Now I teach workshops on writing YA novels. Teaching and mentoring fuels me as a writer. I love helping writers reach their vision for their own work, and I find myself gaining so much from this exchange, too. I need to keep carving out time for teaching, because now I can’t imagine my life without it.

If you were imprisoned for life, and you were allowed to bring just one thing behind bars, what would it be?

A notebook (and a pen to write with). When my pen runs out of ink, I’d fashion any item I could into a writing utensil. Even if no one were out there wanting to publish me, I would still write stories for myself and maybe my fellow inmates.

Can you tell me about the project you’ve got coming next fall?

I can’t talk about my next novel with Algonquin Young Readers because it’s still unformed and very much in need of more cooking. But I can tell you that I have a short story coming out in the YA horror anthology Slasher Girls & Monster Boys, coming from Dial in August 2015.
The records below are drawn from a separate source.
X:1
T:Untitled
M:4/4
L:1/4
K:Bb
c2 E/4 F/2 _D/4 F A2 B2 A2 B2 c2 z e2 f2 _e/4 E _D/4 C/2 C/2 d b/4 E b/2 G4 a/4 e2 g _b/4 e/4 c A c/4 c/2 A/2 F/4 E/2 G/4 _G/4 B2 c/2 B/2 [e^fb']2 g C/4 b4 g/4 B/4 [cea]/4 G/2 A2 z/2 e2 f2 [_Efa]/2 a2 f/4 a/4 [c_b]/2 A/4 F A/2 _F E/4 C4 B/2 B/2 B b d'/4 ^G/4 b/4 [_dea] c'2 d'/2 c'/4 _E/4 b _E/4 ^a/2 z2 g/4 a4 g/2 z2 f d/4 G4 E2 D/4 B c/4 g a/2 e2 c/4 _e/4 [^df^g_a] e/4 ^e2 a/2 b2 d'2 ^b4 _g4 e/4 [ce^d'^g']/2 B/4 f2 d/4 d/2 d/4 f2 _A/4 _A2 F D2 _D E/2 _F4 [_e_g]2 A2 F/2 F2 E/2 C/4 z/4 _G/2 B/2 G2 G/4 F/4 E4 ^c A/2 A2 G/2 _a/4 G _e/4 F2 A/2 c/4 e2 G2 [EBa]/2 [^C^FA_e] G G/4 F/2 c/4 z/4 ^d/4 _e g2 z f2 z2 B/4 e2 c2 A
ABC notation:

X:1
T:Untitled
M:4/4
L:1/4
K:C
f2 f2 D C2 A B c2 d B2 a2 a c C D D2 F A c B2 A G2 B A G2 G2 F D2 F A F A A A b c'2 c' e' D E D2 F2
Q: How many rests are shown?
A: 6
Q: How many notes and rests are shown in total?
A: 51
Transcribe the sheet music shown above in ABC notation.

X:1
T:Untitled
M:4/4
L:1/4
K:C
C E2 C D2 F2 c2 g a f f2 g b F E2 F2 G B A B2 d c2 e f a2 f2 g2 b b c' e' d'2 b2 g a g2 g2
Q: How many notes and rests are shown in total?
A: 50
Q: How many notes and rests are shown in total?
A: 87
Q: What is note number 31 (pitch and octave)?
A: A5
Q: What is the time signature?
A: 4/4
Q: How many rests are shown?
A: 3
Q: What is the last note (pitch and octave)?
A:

Are you writing anything new?

On Tuesday nights I take part in a workshop in Brooklyn where we write on the spot based on prompts we don’t know beforehand. It’s quite often that something completely unexpected spills out onto the page. So even though I’m deep into writing my next novel for Algonquin, I keep happening upon these Tuesday-night surprises. Maybe one will be worthy enough to expand.

The Walls Around Us by Nova Ren Suma. Algonquin Young Readers, $17.95 Mar. ISBN 978-1-61620-372-6.